One trader noted that the awarded CFR/bagged prices in the tender are well below the current bulk FOB price out of China. Still, the tonnage is flowing out to Bangladesh, leaving other potential buyers on the wayside.

Bangladesh:

Sources said BCIC is absorbing all the DAP from China. So far, sources reported that 400,000 mt has either been shipped or is booked to be shipped.

Traders noted that the current price out of China is higher than the awarded bagged-CFR price into Bangladesh. One trader suggested the government is making up the difference in subsidies directly to the importing traders to ensure a full supply of DAP for the season.

India:

The country needs DAP, but is facing a lack of supplies.
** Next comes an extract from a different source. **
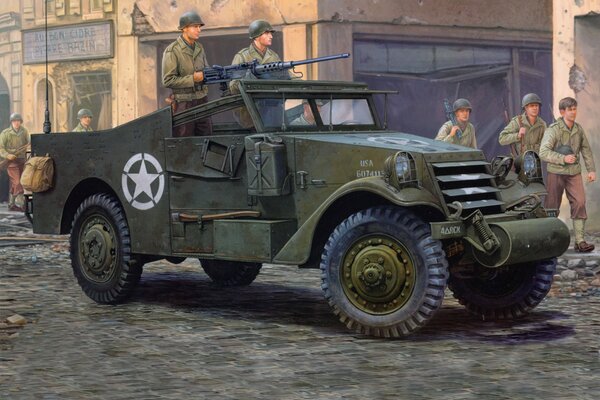 Militärisches gepanzertes Aufklärungsfahrzeug der US-Armee im Zweiten Weltkrieg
Even when Indian buyers are willing to meet the higher prices out of China, sources said they are told there are no tons available for at least another month or two.

Brazil:

Paranagua MAP prices came down to $725-$760/mt CFR. The $10-$20/mt drop was attributed to continued confusion about what is happening in the domestic and global markets.

Demand for MAP remains steady inland, but supplies remain lean. At the same time, sources earlier this month said prices have reached their peak and are set for a downward correction. The current pricing ideas would seem to verify that earlier prediction.

At the same time, however, Rondonopolis showed a move up. The price had been hovering at $850/mt FOB ex-warehouse, but sources this week said the range had shifted to $850-$910/mt FOB ex-warehouse. No one could explain the move up other than the steady demand for product and limited amount of MAP coming into the ports.

The barter rate for 1 mt of MAP in Sorriso was reported at 42 bags of soy or 100 bags of corn. Sources said they were unable to discuss a barter rate in Rondonopolis at this time.